Broken Social Scene - I’m Still Your Fag: http://www.youtube.com/watch?v=rSV71HNsbb4
Sitting in my apartment, we were drinking. I was 20 years old. I put You Forgot It in People on the stereo. Adam turned to me at one point during “I’m Still Your Fag” and said, “What is he saying? I’m still your fag? What does that even mean?” So we switched the CD.

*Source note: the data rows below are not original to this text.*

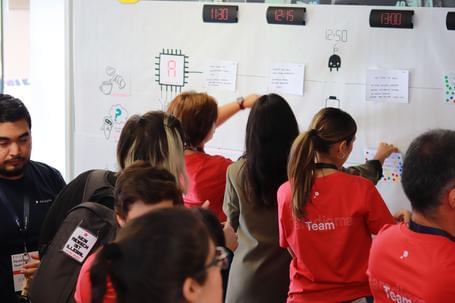 Asistentes del Paradigma Open Space 2023 votando las charlas para definir la agenda del evento.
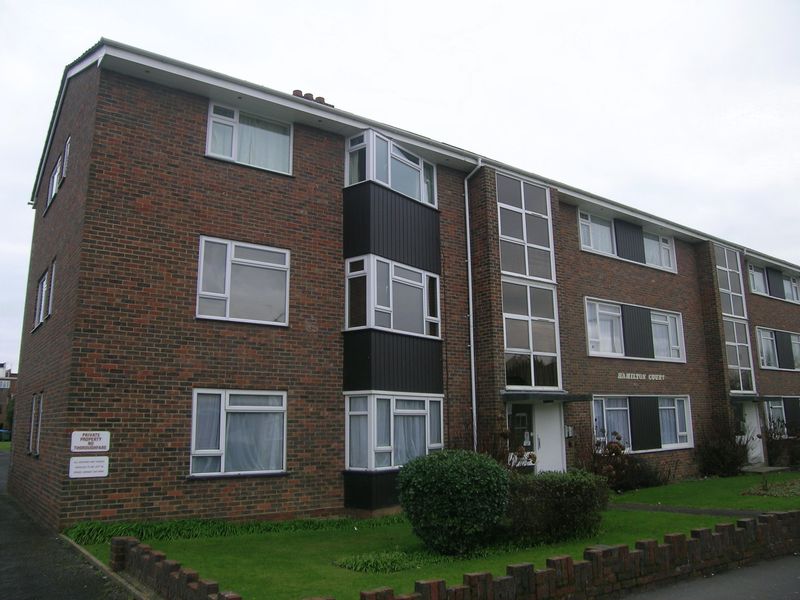 Flat Drake Avenue in Worthing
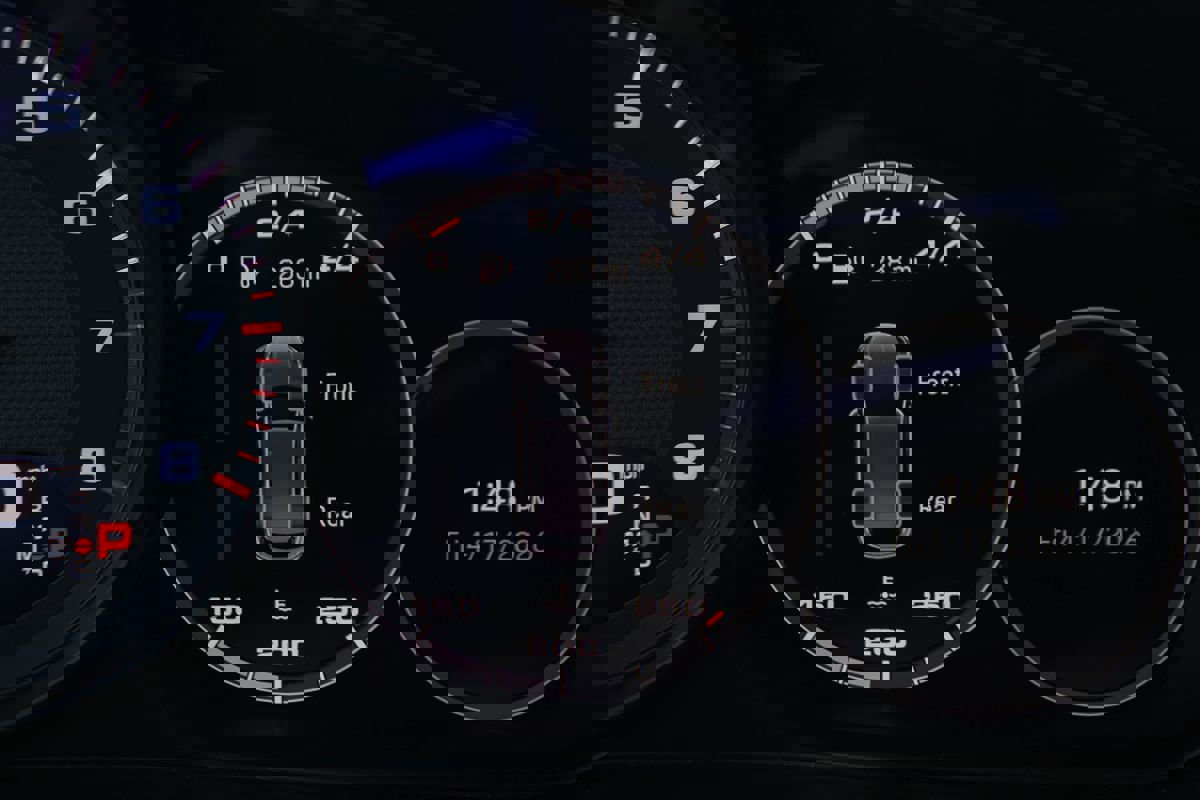 Used 2023 Porsche Cayenne Platinum Edition image 30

At 20 years I was living in Fredericton, New Brunswick, going to an arts school I resented and didn’t want to be in, living with two people I loved dearly but felt estranged from. I had started taking vocal coaching because I had recently got my hands on a 4-track tape recorder and found out that I was a terrible singer. I was writing but I knew I was no good. I had no women in my life and my weekend refuge was a dance bar. I didn’t have much. I was still transitioning from High School into University, still seeing my High School friends every day though I lived in a different city entirely. I wasn’t progressing, I had plateaued.

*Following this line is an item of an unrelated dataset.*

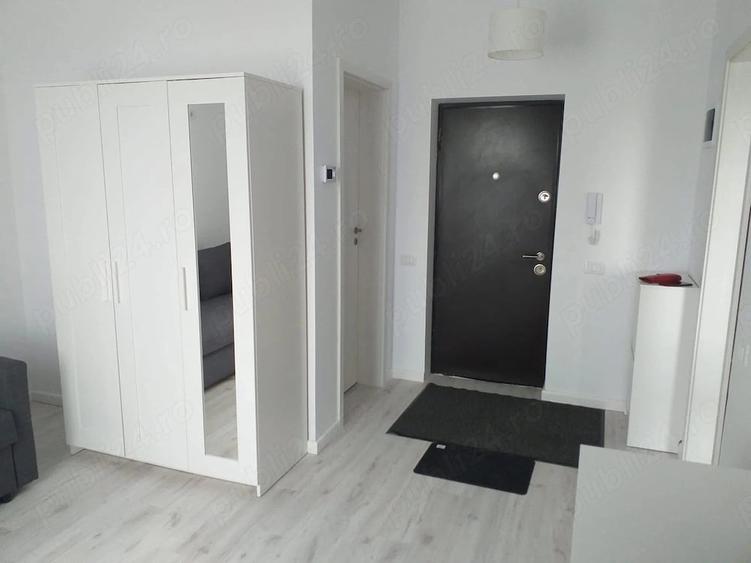 Garsonieră decomandată în Central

Through my teenage years I vainly regarded myself as the music friend. I didn’t know anyone else who played guitar until I was about 18 years old. I was the first of my friends to hear about bands like The Strokes and The White Stripes. I worked in a record store. No one cared about my music friend status, usually, because all my friends only wanted to listen to rave, do drugs and dance. I didn’t care for all that, I wasn’t so disaffected and the beats seemed vapid. There would be no Bob Dylan of rave and I knew that. I don’t know if I could put it into words then but I knew at that time that Canadian music was terrible. It didn’t speak to me, there was no soul. What did we have? Our Lady Peace, I Mother Earth, Econoline Crush, Sarah MacLaughlin. (I make an exception for The Tragically Hip, who I still feel relevant.) I lived in a part of the country where what good Canadian bands existed rarely came and when they did we didn’t know. I didn’t much care for Canadian rock posturing, the references to hockey and the prairies, the niceness of it all. It was boring.
I bought You Forgot It in People at a record store in Fredericton in 2003. I don’t remember why, where I heard them, what compelled me, which song or whatever but for whatever reason I picked it up. And it changed my entire perspective. Suddenly my Matthew Good Band CDs became obsolete (though, in all fairness, The Audio of Being is a pretty great album). Within the year, all I listened to was Canadian music; I still have a mixed CD I made around that time with Metric, k-os, Death From Above 1979, The Stills, The Dears, Matt Mays, Arcade Fire, the only non-Canadian represented within 21 songs was the Yeah Yeah Yeahs.
Briefly, here’s what turned me on to You Forgot It in People: It plays like a great mixed CD with different singers, instrumentals, songs that are fast and songs that are slow all paced well. The lyrics are subversive and desperate even when sung low. There are sounds in the background that I don’t know how they were made, and still some sounds surprise me. The production quality might be considered low-fi but to my Muchmusic trained ears it sounded different and better. They didn’t show their faces in the videos and I could barely find photos of these guys online; it didn’t matter what they looked like. It was the music.
And then, through that album, I found out about Feist and Apostle of Hustle, Metric, Do Make Say Think and the rest. I’ve moved deeper still since my induction into Timber Timbre, Parlovr, Jordaan Mason, The Sleepless Nights, Muskox, Maylee Todd and the rest. They talked about their friends bands in interviews, at shows; there was community and love. I remember watching Metric perform “Dead Disco” on TV one night and Emily Haines delivered a manifesto in the middle of the song, “When will we be ready for something to change? When?” Canadian music had become revolutionary for me. There was a revolution happening.
And my friend chided me for “I’m Still Your Fag.” I was ready to progress.